Here are my questions: 1) What is the true value of a car with a salvaged engine? 2) Once I buy the car, I presume it will be something like a refurbished car title, even if the one I inherit does not say that. I presume it will greatly lessen the value of the vehicle?

If I am willing to gamble on this, and buy their story which may or may not be true, how do I determine if KBB value is accurate for this car, or should I offer them significantly less because, at the very least, the engine came from a junk yard in Texas that isn’t required to be up and up about the stuff they sell, and it puts me at risk of something that could soon go kaput? I know all used cars come with a risk, but I don’t want to overpay, nor do I want to walk away from what might be an okay deal, whether the mechanic’s shop is telling the truth to cover up the fact they stand to make a huge profit. We all buy low and sell high, that’s not the point.

This mechanic has been in business 50 years, and has a couple of shops, and swear up and down they are honest and ethical. But I am female, did not bring a male or a mechanic with me, and may be looking like a chump right about now to them. Or not. Help! :0)

There are more things that can fail besides the engine that cost big bucks. The transmission is one of the big buck items. What is really important is the type of driving that you will be doing. Are you an over-the-road sales person or commute long distances to work or do you do mostly in-town and suburban drivng? How many miles do you drive per year?
I, personally, am not impressed with heated seats, sound systems, and other bells and whistles. i would suggest you keep looking and try to find a car for which you know more of the history.

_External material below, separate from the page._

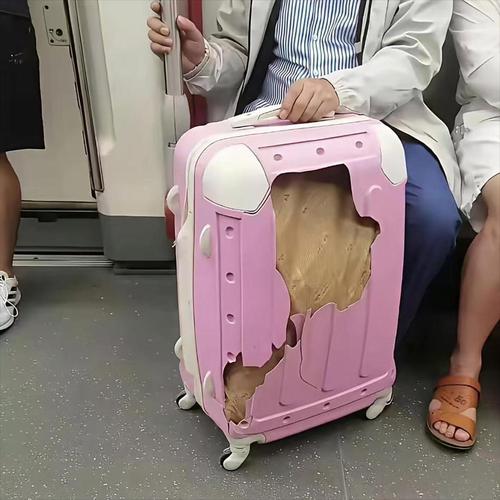 个人怪癖：我的行李箱里一定有这些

Replacing the engine would not necessitate a “salvage” title. Salvage titles are for cars that had significant body damage and were essentially total losses. This means an insurance claim was paid to the insured and then the car was sold with the salvage title. Some are refurbished some are crushed after useable parts are stripped off. You should ask the seller to show you the title so you can examine it to determine if it is standard title or a salvage title.

You say the car came from a local owner, but you also say the car might have come to the mechanic via auction. This is not the same thing at all, so what is this about?

If the engine was replaced with a good engine and the work was done well the car should run fine, and it might last a long time too. Issues with head gaskets can’t be ruled out someday, but you know it has a new timing belt.

Regardless of the miles on the motor, the car is a 132K car as far as determining its value. Go to Edmunds.com and other sites to see how the car is valued with all the options. A car of this age and miles isn’t a perfect car, as you describe it an “average” rating is applicable and at best a “clean” rating might be in the ballpark.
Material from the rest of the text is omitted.